(Brief descriptive captions)
▶
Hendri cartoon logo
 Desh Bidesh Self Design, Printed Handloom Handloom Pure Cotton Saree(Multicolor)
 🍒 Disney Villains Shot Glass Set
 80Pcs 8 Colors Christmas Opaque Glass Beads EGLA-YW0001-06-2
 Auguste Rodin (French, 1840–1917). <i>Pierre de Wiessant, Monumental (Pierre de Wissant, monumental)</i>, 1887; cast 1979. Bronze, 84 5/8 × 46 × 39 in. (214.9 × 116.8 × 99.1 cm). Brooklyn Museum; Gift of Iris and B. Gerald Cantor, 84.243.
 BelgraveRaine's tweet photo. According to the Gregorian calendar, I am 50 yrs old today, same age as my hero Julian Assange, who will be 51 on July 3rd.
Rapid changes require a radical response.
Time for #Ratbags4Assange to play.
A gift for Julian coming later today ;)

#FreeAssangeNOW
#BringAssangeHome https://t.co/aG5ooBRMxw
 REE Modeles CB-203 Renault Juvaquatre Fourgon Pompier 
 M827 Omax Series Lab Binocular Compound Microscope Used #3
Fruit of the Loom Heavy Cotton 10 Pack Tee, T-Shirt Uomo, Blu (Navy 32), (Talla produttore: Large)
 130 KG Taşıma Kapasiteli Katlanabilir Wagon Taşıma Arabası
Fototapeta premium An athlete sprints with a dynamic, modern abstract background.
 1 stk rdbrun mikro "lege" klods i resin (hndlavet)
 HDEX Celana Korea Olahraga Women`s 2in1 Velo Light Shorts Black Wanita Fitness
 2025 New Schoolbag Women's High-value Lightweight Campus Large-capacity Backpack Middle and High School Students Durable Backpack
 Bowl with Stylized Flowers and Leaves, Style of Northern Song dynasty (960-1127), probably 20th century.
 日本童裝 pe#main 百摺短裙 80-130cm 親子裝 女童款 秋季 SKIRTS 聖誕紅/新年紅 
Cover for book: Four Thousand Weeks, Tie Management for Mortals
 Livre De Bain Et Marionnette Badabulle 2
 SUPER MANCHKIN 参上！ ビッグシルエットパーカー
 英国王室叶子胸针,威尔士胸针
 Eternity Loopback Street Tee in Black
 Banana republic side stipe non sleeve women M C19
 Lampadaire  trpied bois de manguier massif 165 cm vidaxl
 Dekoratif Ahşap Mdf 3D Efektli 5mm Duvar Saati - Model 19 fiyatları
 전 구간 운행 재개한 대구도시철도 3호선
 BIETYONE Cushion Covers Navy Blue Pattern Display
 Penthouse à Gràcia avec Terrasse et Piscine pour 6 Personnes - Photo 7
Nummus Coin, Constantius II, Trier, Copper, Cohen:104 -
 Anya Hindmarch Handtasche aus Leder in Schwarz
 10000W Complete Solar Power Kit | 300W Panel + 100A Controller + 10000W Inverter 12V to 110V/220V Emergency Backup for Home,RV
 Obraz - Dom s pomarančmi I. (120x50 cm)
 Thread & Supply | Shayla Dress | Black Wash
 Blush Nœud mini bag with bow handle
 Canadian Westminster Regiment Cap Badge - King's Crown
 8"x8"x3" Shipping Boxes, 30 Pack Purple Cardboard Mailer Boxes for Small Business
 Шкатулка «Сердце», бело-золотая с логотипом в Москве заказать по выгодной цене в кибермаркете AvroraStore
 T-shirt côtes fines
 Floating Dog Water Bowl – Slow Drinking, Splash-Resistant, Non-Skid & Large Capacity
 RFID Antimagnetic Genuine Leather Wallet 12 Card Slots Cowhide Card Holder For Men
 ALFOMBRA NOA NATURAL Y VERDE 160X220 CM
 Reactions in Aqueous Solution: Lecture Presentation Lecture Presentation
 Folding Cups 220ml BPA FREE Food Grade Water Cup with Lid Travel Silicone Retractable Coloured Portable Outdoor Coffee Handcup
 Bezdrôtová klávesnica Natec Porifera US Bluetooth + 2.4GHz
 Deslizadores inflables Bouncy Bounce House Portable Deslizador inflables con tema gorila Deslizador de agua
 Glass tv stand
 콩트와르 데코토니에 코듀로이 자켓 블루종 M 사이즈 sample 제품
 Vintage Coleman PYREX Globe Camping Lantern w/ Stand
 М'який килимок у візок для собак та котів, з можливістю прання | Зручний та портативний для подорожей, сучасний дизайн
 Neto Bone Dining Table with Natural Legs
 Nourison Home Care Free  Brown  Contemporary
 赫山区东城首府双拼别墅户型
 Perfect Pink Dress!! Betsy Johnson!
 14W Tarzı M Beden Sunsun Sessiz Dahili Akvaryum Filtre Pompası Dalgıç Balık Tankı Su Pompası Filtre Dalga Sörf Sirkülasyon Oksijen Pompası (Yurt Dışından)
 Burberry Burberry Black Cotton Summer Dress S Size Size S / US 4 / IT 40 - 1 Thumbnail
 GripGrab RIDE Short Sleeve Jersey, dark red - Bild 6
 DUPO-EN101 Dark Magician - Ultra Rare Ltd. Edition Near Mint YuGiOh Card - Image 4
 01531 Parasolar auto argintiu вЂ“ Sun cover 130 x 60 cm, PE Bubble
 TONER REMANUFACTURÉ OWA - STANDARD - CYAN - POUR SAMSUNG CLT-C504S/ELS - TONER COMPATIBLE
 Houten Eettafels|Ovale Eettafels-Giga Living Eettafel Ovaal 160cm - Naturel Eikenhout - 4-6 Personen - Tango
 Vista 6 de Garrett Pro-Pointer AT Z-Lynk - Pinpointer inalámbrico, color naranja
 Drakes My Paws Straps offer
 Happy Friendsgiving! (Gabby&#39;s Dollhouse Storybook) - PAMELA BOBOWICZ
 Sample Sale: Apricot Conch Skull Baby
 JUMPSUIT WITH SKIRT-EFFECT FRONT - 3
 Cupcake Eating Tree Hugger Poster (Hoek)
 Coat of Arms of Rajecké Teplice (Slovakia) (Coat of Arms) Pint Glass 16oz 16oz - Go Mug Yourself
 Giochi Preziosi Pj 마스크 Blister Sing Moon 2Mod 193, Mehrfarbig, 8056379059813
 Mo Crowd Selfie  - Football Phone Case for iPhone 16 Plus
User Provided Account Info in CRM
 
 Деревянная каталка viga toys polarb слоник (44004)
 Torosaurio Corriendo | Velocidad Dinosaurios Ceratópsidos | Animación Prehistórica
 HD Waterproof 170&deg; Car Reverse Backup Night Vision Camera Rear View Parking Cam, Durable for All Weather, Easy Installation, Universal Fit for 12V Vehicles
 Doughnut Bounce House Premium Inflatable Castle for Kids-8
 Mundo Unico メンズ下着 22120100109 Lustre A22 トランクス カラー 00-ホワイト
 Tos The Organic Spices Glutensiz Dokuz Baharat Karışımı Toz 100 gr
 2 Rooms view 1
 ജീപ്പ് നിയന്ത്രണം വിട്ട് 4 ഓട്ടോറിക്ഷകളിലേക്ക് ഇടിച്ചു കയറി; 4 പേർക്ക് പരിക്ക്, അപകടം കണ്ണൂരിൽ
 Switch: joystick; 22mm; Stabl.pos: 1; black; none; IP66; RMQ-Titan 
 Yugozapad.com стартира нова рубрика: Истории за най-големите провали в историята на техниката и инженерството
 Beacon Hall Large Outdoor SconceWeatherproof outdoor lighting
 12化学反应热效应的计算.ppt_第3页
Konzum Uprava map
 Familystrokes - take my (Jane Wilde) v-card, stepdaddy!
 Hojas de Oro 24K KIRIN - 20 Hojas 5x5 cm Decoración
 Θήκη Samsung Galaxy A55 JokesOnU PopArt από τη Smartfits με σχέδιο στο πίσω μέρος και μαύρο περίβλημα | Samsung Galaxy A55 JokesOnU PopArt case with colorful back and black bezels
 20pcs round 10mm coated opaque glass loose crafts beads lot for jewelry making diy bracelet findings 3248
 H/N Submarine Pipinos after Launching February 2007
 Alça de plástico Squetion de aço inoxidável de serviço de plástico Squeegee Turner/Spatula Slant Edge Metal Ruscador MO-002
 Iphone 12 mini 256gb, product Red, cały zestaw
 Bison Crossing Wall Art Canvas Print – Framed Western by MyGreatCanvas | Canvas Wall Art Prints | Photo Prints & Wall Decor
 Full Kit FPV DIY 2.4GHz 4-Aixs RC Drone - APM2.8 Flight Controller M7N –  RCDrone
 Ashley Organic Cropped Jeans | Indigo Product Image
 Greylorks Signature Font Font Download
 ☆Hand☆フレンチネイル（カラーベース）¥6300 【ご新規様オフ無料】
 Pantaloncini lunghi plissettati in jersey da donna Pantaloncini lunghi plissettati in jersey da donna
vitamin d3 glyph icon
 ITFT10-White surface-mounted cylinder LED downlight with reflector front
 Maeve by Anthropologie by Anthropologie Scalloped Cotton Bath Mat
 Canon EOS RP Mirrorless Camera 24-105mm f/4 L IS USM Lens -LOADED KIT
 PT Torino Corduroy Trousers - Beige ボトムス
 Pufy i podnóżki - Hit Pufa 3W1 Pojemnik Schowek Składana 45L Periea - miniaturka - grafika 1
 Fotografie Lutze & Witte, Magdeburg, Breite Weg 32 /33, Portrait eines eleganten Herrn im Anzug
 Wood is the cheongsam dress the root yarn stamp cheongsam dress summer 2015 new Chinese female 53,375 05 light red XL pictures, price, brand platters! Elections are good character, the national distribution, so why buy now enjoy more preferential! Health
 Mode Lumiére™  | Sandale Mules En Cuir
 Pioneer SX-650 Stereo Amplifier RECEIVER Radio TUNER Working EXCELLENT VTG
◀
### WHAT TO PRODUCE
All that should be written out is the stretch of lines above between the one holding "H/N Submarine Pipinos" and the one holding "Pufy i podnóżki", inclusive, exactly as given.

### ANSWER SECTION
 H/N Submarine Pipinos after Launching February 2007
 Alça de plástico Squetion de aço inoxidável de serviço de plástico Squeegee Turner/Spatula Slant Edge Metal Ruscador MO-002
 Iphone 12 mini 256gb, product Red, cały zestaw
 Bison Crossing Wall Art Canvas Print – Framed Western by MyGreatCanvas | Canvas Wall Art Prints | Photo Prints & Wall Decor
 Full Kit FPV DIY 2.4GHz 4-Aixs RC Drone - APM2.8 Flight Controller M7N –  RCDrone
 Ashley Organic Cropped Jeans | Indigo Product Image
 Greylorks Signature Font Font Download
 ☆Hand☆フレンチネイル（カラーベース）¥6300 【ご新規様オフ無料】
 Pantaloncini lunghi plissettati in jersey da donna Pantaloncini lunghi plissettati in jersey da donna
vitamin d3 glyph icon
 ITFT10-White surface-mounted cylinder LED downlight with reflector front
 Maeve by Anthropologie by Anthropologie Scalloped Cotton Bath Mat
 Canon EOS RP Mirrorless Camera 24-105mm f/4 L IS USM Lens -LOADED KIT
 PT Torino Corduroy Trousers - Beige ボトムス
 Pufy i podnóżki - Hit Pufa 3W1 Pojemnik Schowek Składana 45L Periea - miniaturka - grafika 1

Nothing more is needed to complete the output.